[Caption-style text data]
━━━━━━━━
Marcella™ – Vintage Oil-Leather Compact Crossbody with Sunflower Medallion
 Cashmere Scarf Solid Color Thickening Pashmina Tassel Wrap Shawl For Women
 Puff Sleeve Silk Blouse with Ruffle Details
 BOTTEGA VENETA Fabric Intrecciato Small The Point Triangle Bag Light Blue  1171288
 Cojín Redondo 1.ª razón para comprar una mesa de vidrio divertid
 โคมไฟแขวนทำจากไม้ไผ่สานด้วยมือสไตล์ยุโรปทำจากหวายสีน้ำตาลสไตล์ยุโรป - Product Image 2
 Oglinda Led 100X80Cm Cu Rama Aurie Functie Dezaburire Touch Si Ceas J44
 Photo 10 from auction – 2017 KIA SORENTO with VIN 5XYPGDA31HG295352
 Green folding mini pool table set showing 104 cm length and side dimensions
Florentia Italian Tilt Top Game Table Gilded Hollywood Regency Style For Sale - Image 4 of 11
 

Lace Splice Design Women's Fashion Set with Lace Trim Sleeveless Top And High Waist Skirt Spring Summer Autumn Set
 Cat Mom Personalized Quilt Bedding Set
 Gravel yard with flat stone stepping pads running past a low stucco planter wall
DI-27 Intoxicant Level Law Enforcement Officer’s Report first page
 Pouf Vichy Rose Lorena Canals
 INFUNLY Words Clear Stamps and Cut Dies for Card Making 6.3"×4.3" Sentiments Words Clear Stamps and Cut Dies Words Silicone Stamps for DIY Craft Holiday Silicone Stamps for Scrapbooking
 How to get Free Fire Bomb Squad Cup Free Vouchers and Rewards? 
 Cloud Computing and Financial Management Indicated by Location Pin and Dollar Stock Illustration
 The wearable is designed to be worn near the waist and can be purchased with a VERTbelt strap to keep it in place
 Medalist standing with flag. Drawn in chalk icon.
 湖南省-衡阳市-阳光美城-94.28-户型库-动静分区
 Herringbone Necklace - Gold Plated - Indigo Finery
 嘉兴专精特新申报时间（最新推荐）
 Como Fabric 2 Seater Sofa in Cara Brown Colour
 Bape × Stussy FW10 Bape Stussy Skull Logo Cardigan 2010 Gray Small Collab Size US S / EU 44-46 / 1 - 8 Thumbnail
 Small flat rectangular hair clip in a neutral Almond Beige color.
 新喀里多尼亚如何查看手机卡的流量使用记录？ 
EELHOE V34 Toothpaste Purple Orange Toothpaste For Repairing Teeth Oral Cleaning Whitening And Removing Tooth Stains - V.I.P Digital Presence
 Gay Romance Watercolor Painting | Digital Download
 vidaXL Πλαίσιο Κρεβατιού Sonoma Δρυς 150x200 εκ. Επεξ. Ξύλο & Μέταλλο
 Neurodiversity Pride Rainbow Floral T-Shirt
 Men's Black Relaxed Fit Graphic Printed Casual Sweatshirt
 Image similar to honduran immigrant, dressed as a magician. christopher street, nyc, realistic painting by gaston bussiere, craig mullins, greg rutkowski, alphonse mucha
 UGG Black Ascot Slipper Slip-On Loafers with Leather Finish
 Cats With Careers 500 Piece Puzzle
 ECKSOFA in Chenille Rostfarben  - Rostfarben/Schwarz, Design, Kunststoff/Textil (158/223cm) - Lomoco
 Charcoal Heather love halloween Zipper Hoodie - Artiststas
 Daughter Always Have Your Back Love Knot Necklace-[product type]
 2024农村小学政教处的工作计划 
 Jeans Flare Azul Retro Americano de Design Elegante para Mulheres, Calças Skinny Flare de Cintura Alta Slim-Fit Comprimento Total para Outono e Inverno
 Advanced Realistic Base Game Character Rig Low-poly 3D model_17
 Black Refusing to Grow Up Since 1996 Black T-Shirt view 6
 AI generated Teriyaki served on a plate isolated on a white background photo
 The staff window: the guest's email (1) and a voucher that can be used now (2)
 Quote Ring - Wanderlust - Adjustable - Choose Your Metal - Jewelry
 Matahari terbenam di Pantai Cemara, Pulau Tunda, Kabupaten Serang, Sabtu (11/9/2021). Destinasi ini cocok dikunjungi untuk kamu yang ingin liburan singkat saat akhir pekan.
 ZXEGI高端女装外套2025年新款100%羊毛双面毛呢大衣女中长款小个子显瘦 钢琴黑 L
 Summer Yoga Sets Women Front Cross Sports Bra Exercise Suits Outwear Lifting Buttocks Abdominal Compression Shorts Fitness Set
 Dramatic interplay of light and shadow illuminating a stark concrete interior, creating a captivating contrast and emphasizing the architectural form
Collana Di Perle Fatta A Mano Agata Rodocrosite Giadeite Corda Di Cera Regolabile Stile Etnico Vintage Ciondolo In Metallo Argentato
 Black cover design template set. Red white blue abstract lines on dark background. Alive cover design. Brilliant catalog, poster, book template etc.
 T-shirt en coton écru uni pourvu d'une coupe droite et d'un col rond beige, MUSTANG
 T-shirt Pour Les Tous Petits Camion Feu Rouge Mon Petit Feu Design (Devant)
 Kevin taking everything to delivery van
━━━━━━━━
Could you restate word for word the lines above, from the one that contains "vidaXL Πλαίσιο Κρεβατιού" through the one that contains "2024农村小学政教处的工作计划", and no others?

 vidaXL Πλαίσιο Κρεβατιού Sonoma Δρυς 150x200 εκ. Επεξ. Ξύλο & Μέταλλο
 Neurodiversity Pride Rainbow Floral T-Shirt
 Men's Black Relaxed Fit Graphic Printed Casual Sweatshirt
 Image similar to honduran immigrant, dressed as a magician. christopher street, nyc, realistic painting by gaston bussiere, craig mullins, greg rutkowski, alphonse mucha
 UGG Black Ascot Slipper Slip-On Loafers with Leather Finish
 Cats With Careers 500 Piece Puzzle
 ECKSOFA in Chenille Rostfarben  - Rostfarben/Schwarz, Design, Kunststoff/Textil (158/223cm) - Lomoco
 Charcoal Heather love halloween Zipper Hoodie - Artiststas
 Daughter Always Have Your Back Love Knot Necklace-[product type]
 2024农村小学政教处的工作计划 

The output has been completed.